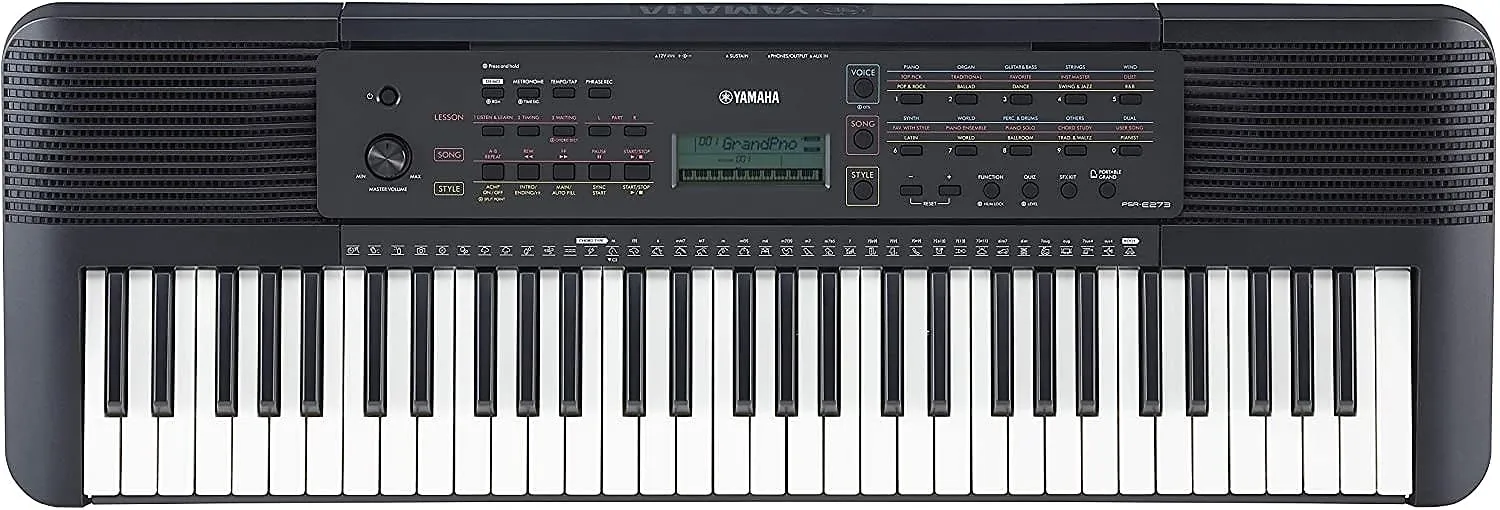 Yamaha PSR-E273 61-key Portable Keyboard w/ Survival Kit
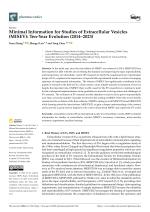 Minimal Information for Studies of Extracellular Vesicles (MISEV): Ten-Year Evolution (2014–2023)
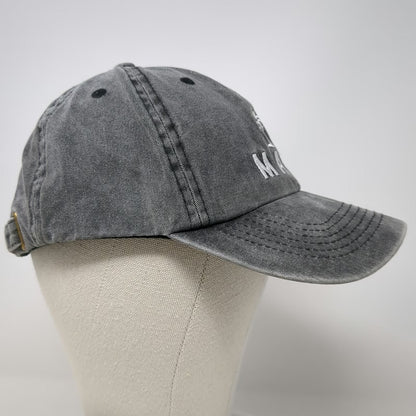 Ace Cap Inc Maui Palm Tree Gray One Size Baseball Cap Hat Embroidered Slideback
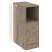 Тумба с подсветкой 5 ящиков TIP-ON, проходная  средняя Onix O.R-TV-5TIP.S 436x767x1185 (Тиквуд Светлый)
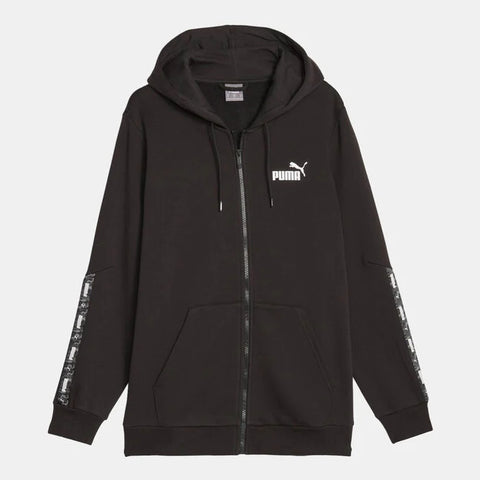 Puma Men's Black Camouflage Taped Log Puma Jacket | Puma In Lebanon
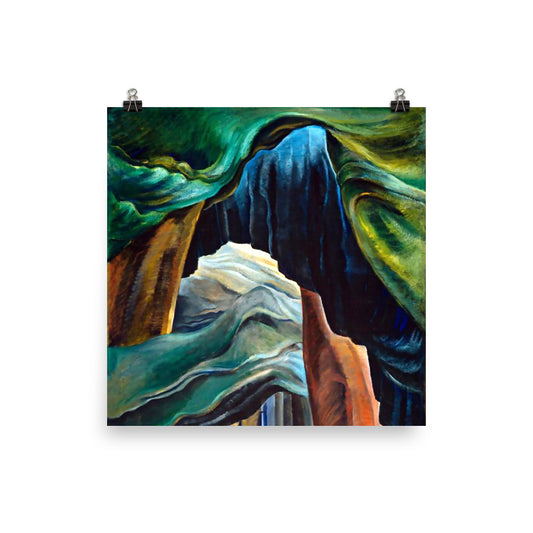 Emily Carr Forest British Columbia Print Poster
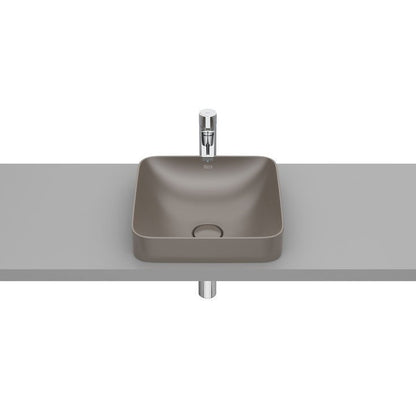 INSPIRA Lavoar baie incastrat, maro, patrat  Square 37x37 cm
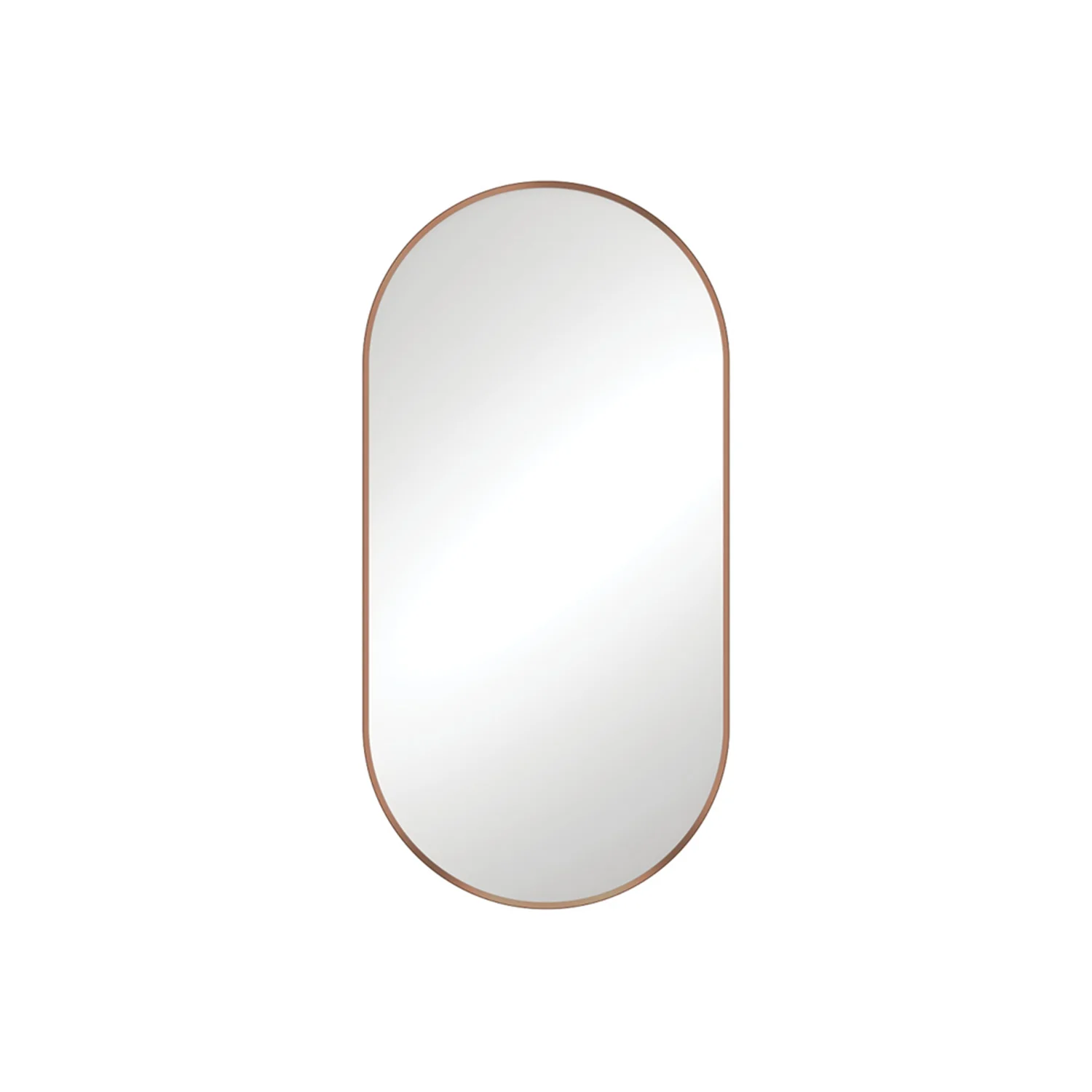 Empire Oval Pill Framed Glass Mirror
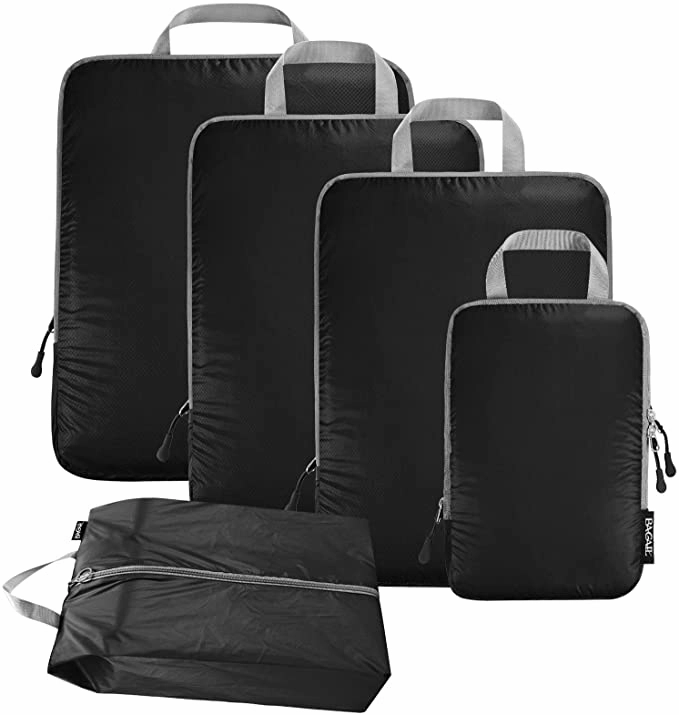 Compact Duffel Bag 40D Ultralight Compression Nylon Packing Cubes Travel Accessories(5Set )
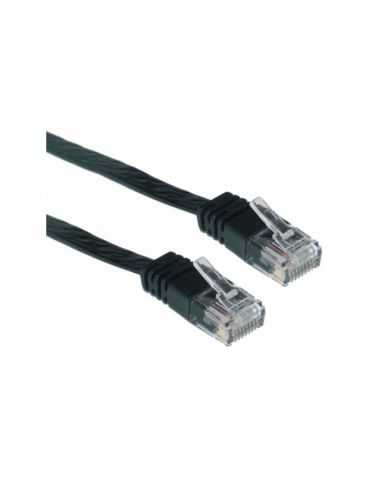Patchcord Gembird, Cat5E, UTP, 2m, Black Gembird - 1 - Tik.ro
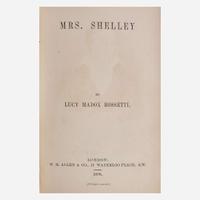[Autographs & Manuscripts] [Shelley, Mary] Rossetti, Lucy Madox Mrs. Shelley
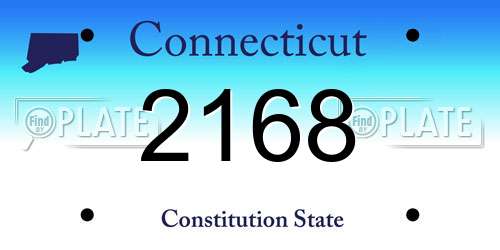 2168 Connecticut License Plate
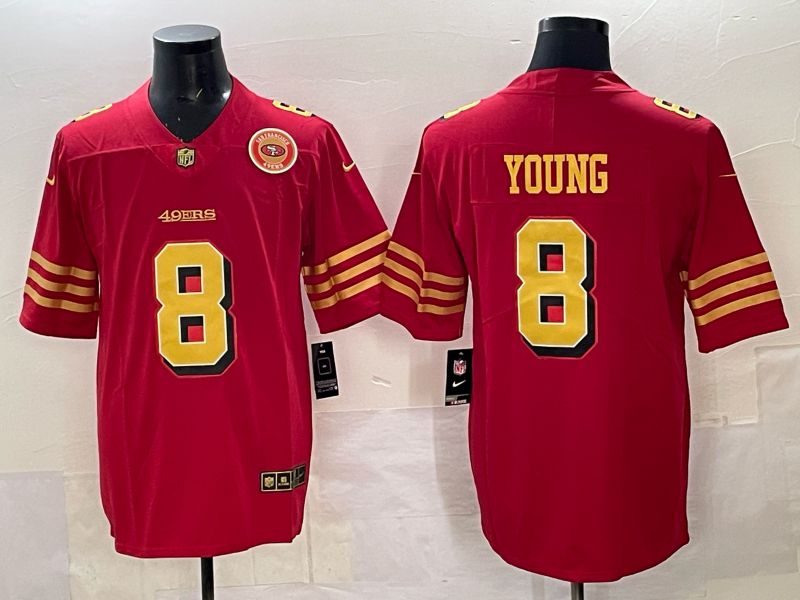 Men Nike San Francisco 49ers #8 Young Red Limited NFL 2025 Jersey 0023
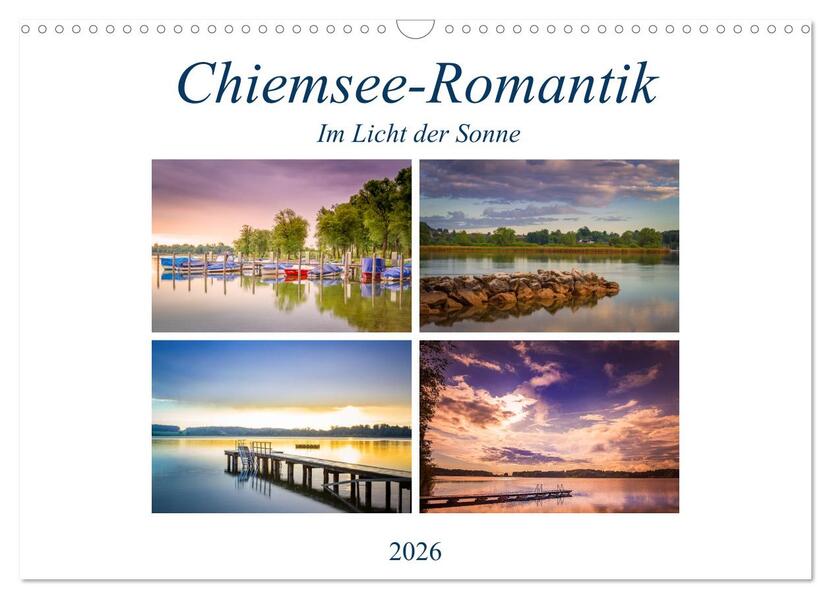 Chiemsee-Romantik (Wandkalender 2026 DIN A3 quer) CALVENDO Monatskalender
==========
◆ Action item
Give back every line of the material exactly as written, but not the pictures.

◆ Written response
 Yamaha PSR-E273 61-key Portable Keyboard w/ Survival Kit
 Minimal Information for Studies of Extracellular Vesicles (MISEV): Ten-Year Evolution (2014–2023)
 Ace Cap Inc Maui Palm Tree Gray One Size Baseball Cap Hat Embroidered Slideback
 Тумба с подсветкой 5 ящиков TIP-ON, проходная  средняя Onix O.R-TV-5TIP.S 436x767x1185 (Тиквуд Светлый)
 Puma Men's Black Camouflage Taped Log Puma Jacket | Puma In Lebanon
 Emily Carr Forest British Columbia Print Poster
 INSPIRA Lavoar baie incastrat, maro, patrat  Square 37x37 cm
 Empire Oval Pill Framed Glass Mirror
 Compact Duffel Bag 40D Ultralight Compression Nylon Packing Cubes Travel Accessories(5Set )
Patchcord Gembird, Cat5E, UTP, 2m, Black Gembird - 1 - Tik.ro
[Autographs & Manuscripts] [Shelley, Mary] Rossetti, Lucy Madox Mrs. Shelley
 2168 Connecticut License Plate
 Men Nike San Francisco 49ers #8 Young Red Limited NFL 2025 Jersey 0023
 Chiemsee-Romantik (Wandkalender 2026 DIN A3 quer) CALVENDO Monatskalender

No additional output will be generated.